May 6, 2001
'I think I heard something about Konocti," said Third Eye Blind guitarist Tony Fredianelli, jogging his memory for any cobweb of a flashback. "A couple of the members of the band were trying to figure out why we we're playing there, now I remember ... there must be some money there or something."
It all depends on who you talk to: Mention Kelseyville's Konocti Harbor to Eddie Money, the Doobie Brothers, Jethro Tull, or even country acts like Vince Gill and Trisha Yearwood, and it's like mentioning Shangri-La. It's one of those safe havens on their tour they can count on every year (and several times a year if you're Tom Jones).
On the other hand, younger bands haven't exactly flocked to the Clear Lake resort. There have been random sightings provided by the likes of Smashmouth, Sheryl Crow or Marcy Playground.
But, just as Konocti slowly overcame routing restrictions imposed by San Francisco bookers (finally landing bands like Brooks and Dunn or Reba McEntire), this summer more than any other the lineup boasts a younger, hipper set of bands like Third Eye Blind, Counting Crows and Blues Traveler.

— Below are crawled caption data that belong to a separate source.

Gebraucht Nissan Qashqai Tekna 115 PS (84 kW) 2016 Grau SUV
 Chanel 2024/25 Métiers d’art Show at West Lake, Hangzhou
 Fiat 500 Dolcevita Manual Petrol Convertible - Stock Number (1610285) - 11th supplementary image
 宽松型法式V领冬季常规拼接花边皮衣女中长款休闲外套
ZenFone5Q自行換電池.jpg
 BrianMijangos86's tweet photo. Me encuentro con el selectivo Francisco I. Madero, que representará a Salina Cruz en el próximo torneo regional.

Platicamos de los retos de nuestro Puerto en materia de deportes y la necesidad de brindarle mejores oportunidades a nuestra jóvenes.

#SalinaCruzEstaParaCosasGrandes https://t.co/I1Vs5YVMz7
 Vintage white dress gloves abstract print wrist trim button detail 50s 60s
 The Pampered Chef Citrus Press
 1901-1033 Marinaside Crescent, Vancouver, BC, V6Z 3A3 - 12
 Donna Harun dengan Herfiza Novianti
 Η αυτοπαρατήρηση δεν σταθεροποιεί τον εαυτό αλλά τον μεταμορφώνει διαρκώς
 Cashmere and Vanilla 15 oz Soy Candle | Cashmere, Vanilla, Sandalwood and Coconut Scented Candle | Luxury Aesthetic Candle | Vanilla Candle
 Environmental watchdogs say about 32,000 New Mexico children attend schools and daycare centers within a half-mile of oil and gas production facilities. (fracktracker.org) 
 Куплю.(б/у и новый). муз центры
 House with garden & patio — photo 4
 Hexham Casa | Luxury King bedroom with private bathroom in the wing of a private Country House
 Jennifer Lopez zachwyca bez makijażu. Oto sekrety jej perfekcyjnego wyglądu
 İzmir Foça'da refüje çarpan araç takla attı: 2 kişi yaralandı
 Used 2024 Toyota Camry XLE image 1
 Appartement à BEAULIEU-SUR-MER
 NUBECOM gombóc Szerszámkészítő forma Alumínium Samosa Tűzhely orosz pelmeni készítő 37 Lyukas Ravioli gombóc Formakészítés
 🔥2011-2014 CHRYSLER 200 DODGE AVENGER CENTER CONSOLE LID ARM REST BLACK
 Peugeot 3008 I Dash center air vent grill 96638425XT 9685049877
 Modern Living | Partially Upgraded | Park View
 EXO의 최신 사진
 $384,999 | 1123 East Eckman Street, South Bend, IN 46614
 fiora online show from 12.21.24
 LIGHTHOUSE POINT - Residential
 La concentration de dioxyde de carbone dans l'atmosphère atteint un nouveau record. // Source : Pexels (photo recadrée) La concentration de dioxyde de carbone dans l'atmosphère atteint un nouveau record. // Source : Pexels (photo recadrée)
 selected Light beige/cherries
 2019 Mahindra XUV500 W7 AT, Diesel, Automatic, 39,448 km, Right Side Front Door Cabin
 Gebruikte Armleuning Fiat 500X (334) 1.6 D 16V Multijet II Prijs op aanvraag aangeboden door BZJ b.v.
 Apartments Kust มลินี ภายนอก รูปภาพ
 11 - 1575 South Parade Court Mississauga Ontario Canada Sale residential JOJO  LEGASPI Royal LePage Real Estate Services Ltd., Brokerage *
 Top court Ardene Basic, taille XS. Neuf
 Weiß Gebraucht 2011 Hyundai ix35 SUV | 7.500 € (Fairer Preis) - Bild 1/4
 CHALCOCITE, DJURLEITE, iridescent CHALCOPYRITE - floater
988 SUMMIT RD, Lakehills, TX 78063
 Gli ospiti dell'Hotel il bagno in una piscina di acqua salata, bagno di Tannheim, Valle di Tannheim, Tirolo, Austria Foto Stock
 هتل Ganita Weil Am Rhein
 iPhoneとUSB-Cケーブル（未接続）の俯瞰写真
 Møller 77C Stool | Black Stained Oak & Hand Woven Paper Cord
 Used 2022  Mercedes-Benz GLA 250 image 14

"It just seems like more of the younger bands are out there this year and more of them are looking for our size venue," said Konocti general manager Greg Bennett.
"For some of the acts instead of playing the 20,000-seaters, selling out the 5,000-seater is the way to go. It's a pretty safe play, as they say in the business."
Size also equates with money. Just do the math: Given Konocti prices (Counting Crows tickets are $39, $49 and $59), the total gross for a sold-out show can be between $180,000 and nearly $300,000.
"It's kind of a stepping stone effect," Bennett said. "Once you get a few of them -- the Hooties, the Sheryl Crows or the Spin Doctors -- those have all been little stepping stones. This summer, getting Third Eye Blind, Counting Crows and Blues Traveler is a big stepping stone for us. It rounds out the lineup and should solidify us for future talent in that area of the music industry."
Konocti recently remodeled the Clear Lake amphitheater, installing new reserved seating ("like Pac Bell seats") and two jumbo video screens, renovating the backstage area and improving the sight lines.
The hardest part is convincing fans to scale the mountains into Lake County.
On a hot summer night on a lake with the mountains behind it and the moon rising overhead, and all of the seats within 200 feet of the stage, Bennett said, "There are very few venues around like us."